• _WHAT YOU HAVE TO DO_: Repeat the listing below in full, exactly as it stands.

• _RECORDS SUPPLIED_:

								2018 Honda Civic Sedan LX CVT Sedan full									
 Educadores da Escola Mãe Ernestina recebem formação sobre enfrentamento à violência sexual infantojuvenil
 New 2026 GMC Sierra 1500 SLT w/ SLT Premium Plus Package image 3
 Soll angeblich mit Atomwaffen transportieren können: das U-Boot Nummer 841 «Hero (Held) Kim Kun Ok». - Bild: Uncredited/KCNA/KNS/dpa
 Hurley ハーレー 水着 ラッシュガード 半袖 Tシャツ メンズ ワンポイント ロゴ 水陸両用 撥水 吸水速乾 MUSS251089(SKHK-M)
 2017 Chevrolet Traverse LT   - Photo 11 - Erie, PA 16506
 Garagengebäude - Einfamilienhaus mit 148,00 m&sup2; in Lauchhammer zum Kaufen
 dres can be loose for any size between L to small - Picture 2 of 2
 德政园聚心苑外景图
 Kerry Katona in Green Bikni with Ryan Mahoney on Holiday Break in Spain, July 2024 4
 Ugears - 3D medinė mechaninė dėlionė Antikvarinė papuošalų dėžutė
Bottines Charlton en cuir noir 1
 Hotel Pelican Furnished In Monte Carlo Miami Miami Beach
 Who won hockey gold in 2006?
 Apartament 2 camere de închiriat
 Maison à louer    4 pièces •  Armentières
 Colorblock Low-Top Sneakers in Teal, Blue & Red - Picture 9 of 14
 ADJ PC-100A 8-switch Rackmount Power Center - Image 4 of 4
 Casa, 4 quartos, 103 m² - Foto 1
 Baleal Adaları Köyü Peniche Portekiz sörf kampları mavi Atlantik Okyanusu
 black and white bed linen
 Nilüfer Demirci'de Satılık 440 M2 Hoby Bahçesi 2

• _TASK ANSWER_:
								2018 Honda Civic Sedan LX CVT Sedan full									
 Educadores da Escola Mãe Ernestina recebem formação sobre enfrentamento à violência sexual infantojuvenil
 New 2026 GMC Sierra 1500 SLT w/ SLT Premium Plus Package image 3
 Soll angeblich mit Atomwaffen transportieren können: das U-Boot Nummer 841 «Hero (Held) Kim Kun Ok». - Bild: Uncredited/KCNA/KNS/dpa
 Hurley ハーレー 水着 ラッシュガード 半袖 Tシャツ メンズ ワンポイント ロゴ 水陸両用 撥水 吸水速乾 MUSS251089(SKHK-M)
 2017 Chevrolet Traverse LT   - Photo 11 - Erie, PA 16506
 Garagengebäude - Einfamilienhaus mit 148,00 m&sup2; in Lauchhammer zum Kaufen
 dres can be loose for any size between L to small - Picture 2 of 2
 德政园聚心苑外景图
 Kerry Katona in Green Bikni with Ryan Mahoney on Holiday Break in Spain, July 2024 4
 Ugears - 3D medinė mechaninė dėlionė Antikvarinė papuošalų dėžutė
Bottines Charlton en cuir noir 1
 Hotel Pelican Furnished In Monte Carlo Miami Miami Beach
 Who won hockey gold in 2006?
 Apartament 2 camere de închiriat
 Maison à louer    4 pièces •  Armentières
 Colorblock Low-Top Sneakers in Teal, Blue & Red - Picture 9 of 14
 ADJ PC-100A 8-switch Rackmount Power Center - Image 4 of 4
 Casa, 4 quartos, 103 m² - Foto 1
 Baleal Adaları Köyü Peniche Portekiz sörf kampları mavi Atlantik Okyanusu
 black and white bed linen
 Nilüfer Demirci'de Satılık 440 M2 Hoby Bahçesi 2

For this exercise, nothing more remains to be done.